But the GOP didn't wait for an official score to ram their bill through Congress

"Republicans spent years demanding the JCT start doing dynamic scores of tax bills," notes Vox's Matt Yglesias. "Then they decided to pass their bill before waiting for the dynamic score because they didn't like what their own analytic methods said about it." (Photo: Getty)

In an analysis published on Friday, the Joint Committee on Taxation (JCT)—Congress's official scorekeeper—concluded that the final Republican tax bill doesn't come anywhere close to paying for itself and manages to be worse for the deficit and economic growth than the previous House and Senate versions.

JCT also found that, even after accounting for economic growth, the tax bill President Donald Trump just signed into law Friday will add $1.1 trillion to the federal deficit over the next decade.

But Republicans didn't bother to wait for the JCT's official analysis before ramming their bill through Congress.
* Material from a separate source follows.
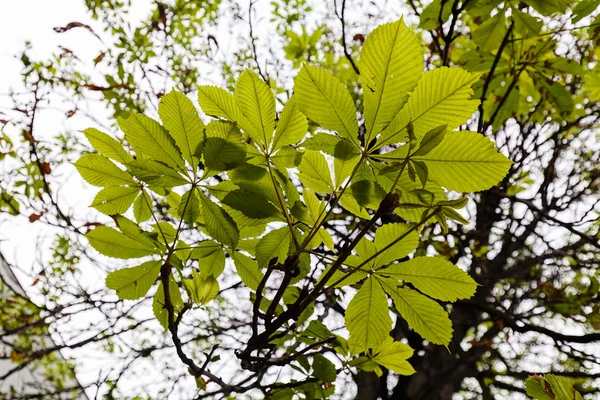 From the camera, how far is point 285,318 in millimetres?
645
Instead, they relied on the "estimates" outlined by the Treasury Department, which claimed that the legislation would pay for itself—but only by taking into account legislation that hasn't even been proposed yet.

"Republicans spent years demanding the JCT start doing dynamic scores of tax bills," notes Vox's Matt Yglesias. "Then they decided to pass their bill before waiting for the dynamic score because they didn't like what their own analytic methods said about it."